The hype around blockchain has died off a bit lately, and we’ve seen evidence to support this: For the past few years, Tom Hood, CEO of the Maryland Association of CPAs and the Business Learning Institute, has taken futurist Daniel Burrus’s list of the “Top 20 Technology-Driven Hard Trends Shaping Our World,” and then asked more than 1,000 CPAs and finance and accounting professionals which of those trends will have the greatest impact on the profession over the next three years. Two years ago, blockchain came in at number 6. Last year, it fell to number 9.

That’s not too surprising, especially if you’re familiar with “Gartner’s Hype Cycle.” It’s a graphic representation of the maturity and adoption of new technologies, and it says most new technologies go through these natural peaks and valleys. Specifically, they hit what Gartner calls the “Peak of Inflated Expectations,” when everyone has great hopes for all of the problems these new technologies might help solve. Then, when the initial hype dies down, these new technologies enter what Gartner calls the “Trough of Disillusionment.” This is when people start to lose faith in these new technologies as they don’t immediately deliver on all of the promised results. Experiments and implementations fail to deliver, and interest kind of dissipates.

What’s really interesting is that it’s while these technologies are in the “Trough of Disillusionment” that most of the groundbreaking work is being done.

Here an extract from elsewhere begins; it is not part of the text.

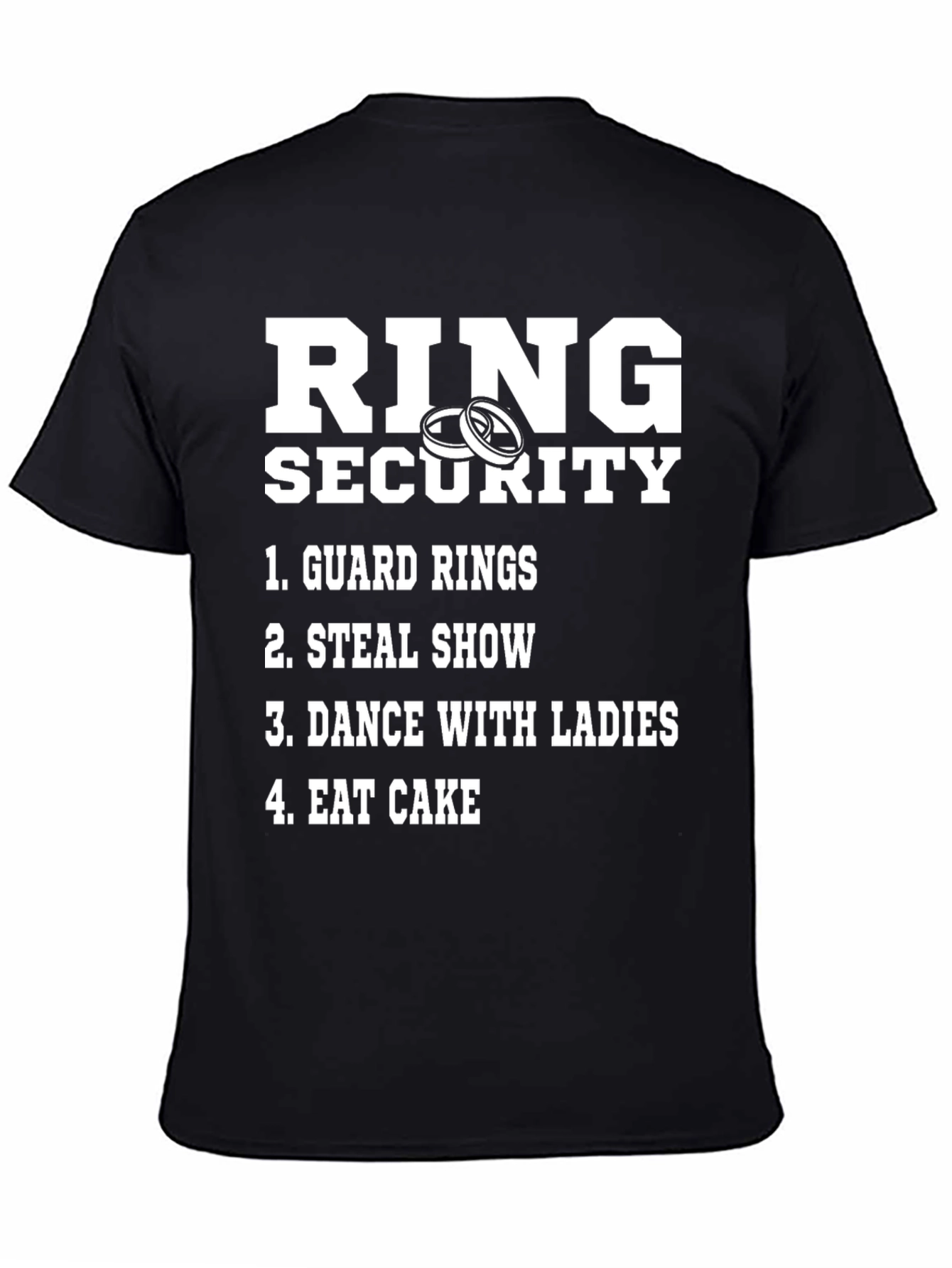 Black Ring Security Graphic T-Shirt - Wedding Humor Tee view 4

Soon after, many new technologies enter what Gartner calls the “Slope of Enlightenment.” This is where, as Gartner writes, “more instances of how the technology can benefit the enterprise start to crystallize and become more widely understood. Second- and third-generation products appear from technology providers.” In other words, they start to pick up traction.

So it would appear that blockchain is now in Gartner’s Trough of Disillusionment, which makes this the exciting time when the people who are actually going to make this technology useful start to emerge. That makes now the perfect time to keep your eye on blockchain, because you may be seeing some really interesting applications start to emerge in the not-too-distant future.

One of the areas almost every expert out there says will be significantly disrupted by blockchain technology is the audit. Everyone’s been waiting for that disruption to happen, and now they may not have long to wait. PwC Switzerland, for instance, announced last month that it is bringing a smart contract audit firm named ChainSecurity to bolster its blockchain-related audit abilities.

That’s just more proof that blockchain is very much still around, and it could still be massively influential. We are just now heading into the most exciting times for it.